Methods: In a cross-sectional investigation conducted in Liaoning Province of China, 996 nurses completed the self-administered measurements of fatigue, ERI, resilience and POS. Moderated mediation was tested using the PROCESS procedure. The “pick-a-point” method was adopted to assess conditional effect on fatigue.
Results: The indirect effect of ERI on fatigue through resilience was significant (a×b = 0.119, BCa 95% CI: 0.094 to 0.146), indicating a partial mediation of resilience. POS moderated the association of resilience with fatigue (β = − 0.056, p = 0.006). The higher the level of POS was, the stronger the resilience-fatigue association became. Thus, the mediating role of resilience in the ERI-fatigue association was gradually increased with the increase of POS level (low POS: 0.073; moderate POS: 0.095; high POS: 0.116).
Conclusion: Resilience could partially mediate the ERI-fatigue association. POS could act as a moderator that enhanced the association of resilience with fatigue. A moderated mediation model of fatigue was demonstrated in Chinese nurses. Managers should establish a balanced social reciprocity, and improve nurses’ resilience and POS in order to decrease nurses’ fatigue.

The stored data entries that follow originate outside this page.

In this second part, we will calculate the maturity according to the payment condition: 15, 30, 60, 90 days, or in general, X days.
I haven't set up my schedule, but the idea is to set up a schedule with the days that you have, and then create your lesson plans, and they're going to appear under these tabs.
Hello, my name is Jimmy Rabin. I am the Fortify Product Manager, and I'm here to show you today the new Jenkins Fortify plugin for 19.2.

Keywords: fatigue, effort-reward imbalance, resilience, perceived organizational support, nurses

Introduction

Fatigue generally comprises a series of physical and mental symptoms that result from responses to excessive demands without adequate overall recovery.1 Fatigue can reduce employee’s work performance, even increase human errors and accidents in the workplace.2,3 Moreover, for occupational populations, fatigue is related to certain health problems, such as depression and musculoskeletal disorders.35 Healthcare workers, especially nurses, have to routinely confront the physical and psychological challenges of fatigue that can impair their overall health and work performance around the world.68 At the same time, reduced work efficiency and quality caused by fatigue can directly undermine patient satisfaction and safety of nursing services.9,10 Thus, from the perspective of nursing management, individual and organizational factors related to fatigue should be given more attention to develop the prevention and treatment strategies in nurses.

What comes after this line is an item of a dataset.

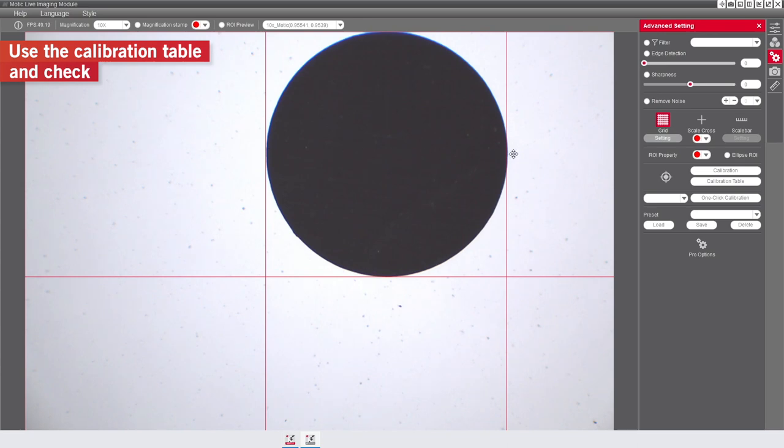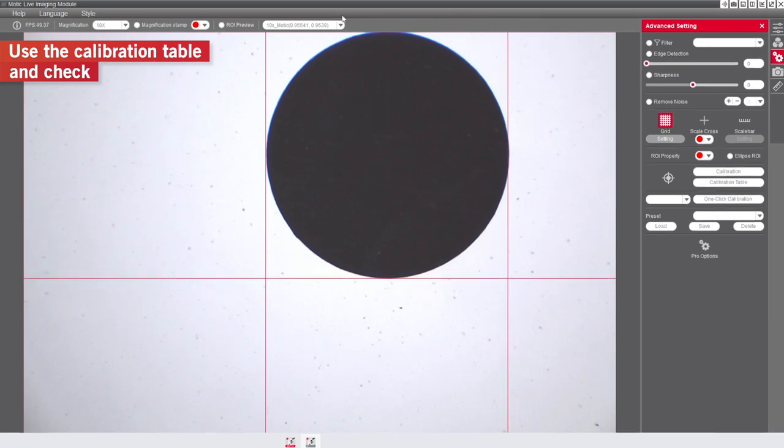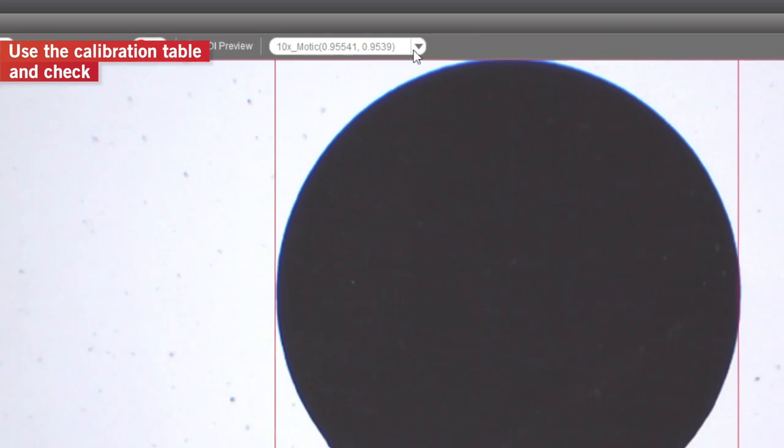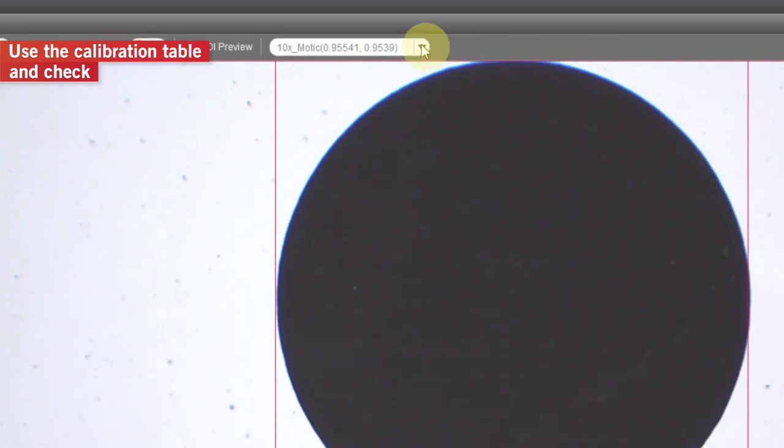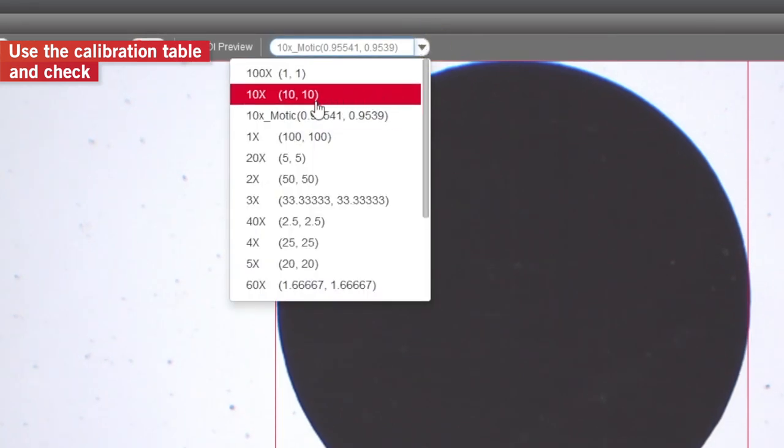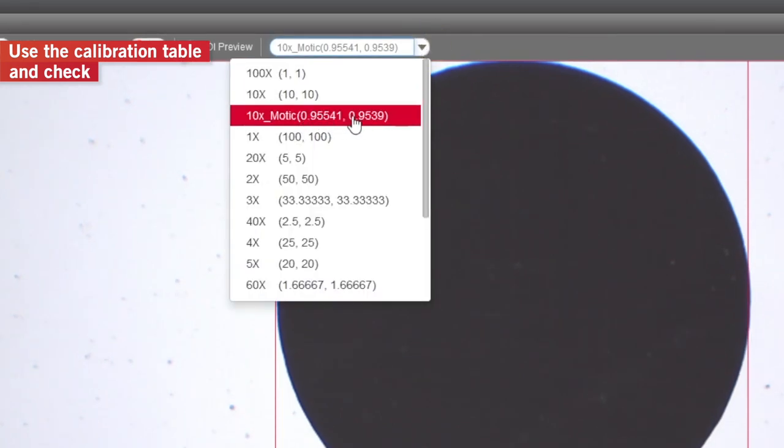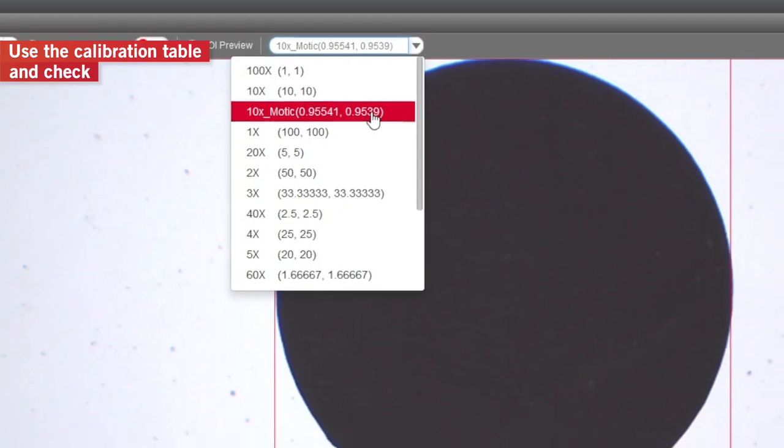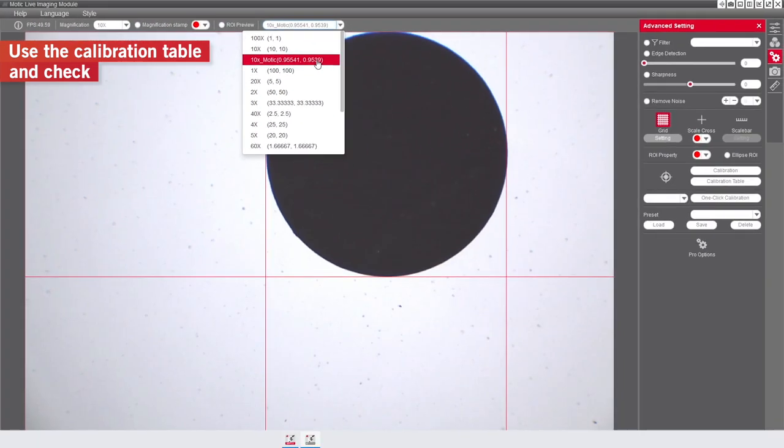Once the calibration is finalized, this new objective will appear in the drop-down menu of the Motic Live Image module, allowing you to select it. Follow the calibration configuration with all different objectives you are using.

Nurses in China, in particular, frequently suffer from fatigue.7,11 For a long time, there are many stress factors in the nursing work settings, including demand overload, role conflict, shift rotation, failed social reciprocity,7,11,12 which make them susceptible to both physical and mental fatigues. Sufficient evidence has indicated that work stress is a vital predictor of fatigue in nurses.7,13 In China, nurses’ work stress has been increasing due to the shortage of nursing professionals and the increased demand from patients for high-quality nursing service.7,14 As a classical model of work stress, the Effort Reward Imbalance (ERI) model was proposed by Siegrist based on reciprocity principle.15 The ERI model asserts that work with imbalanced extrinsic effort and reward signifies a failed social reciprocity that elicits work stress. There is increasing evidence that ERI has a positive association with fatigue across occupational groups, including nurses.7,16 Because the ERI model directly focuses on employee’s interests, it has an innate advantage in measuring the level of work stress among occupational groups.17 Furthermore, based on previous findings,7,18,19 work stress also could indirectly cause fatigue by changing some specific psychological states in nurses.

Based on the conservation of resource (COR) theory,20 effective coping with work stress can be realized by using both internal and external resources. In recent years, internal coping resources have been focused on positive psychological capacity, while organizational support acts as an external coping resource in workplaces.17,19 As a research focus of positive psychology, resilience refers to a kind of positive capacity to pursue career success through bouncing back from difficulties and failures, even going beyond them.21 As a result, resilience can promote employees to utilize various positive resources to bring about many good outcomes in the workplace.2224 Resilience has significantly positive effects on the work-related outcomes and well-being of nurses.2325 Prior evidence has suggested that resilience is negatively related to fatigue across occupational populations.26,27 In addition, resilience has a partial mediation in the association of empathy with work engagement among hemodialysis nurses in China.22 Liu et al reported that resilience played a mediating role in the relation between nursing occupational risk and job performance.28 Also, resilience showed a partial mediation in the associations of emotional exhaustion and depersonalization with psychological distress among Chinese female nurses.29 Although some work stress factors influence the resilience level of nurses,30,31 the mediation effect of resilience in the ERI-fatigue relation has not been reported among nurses to our best knowledge.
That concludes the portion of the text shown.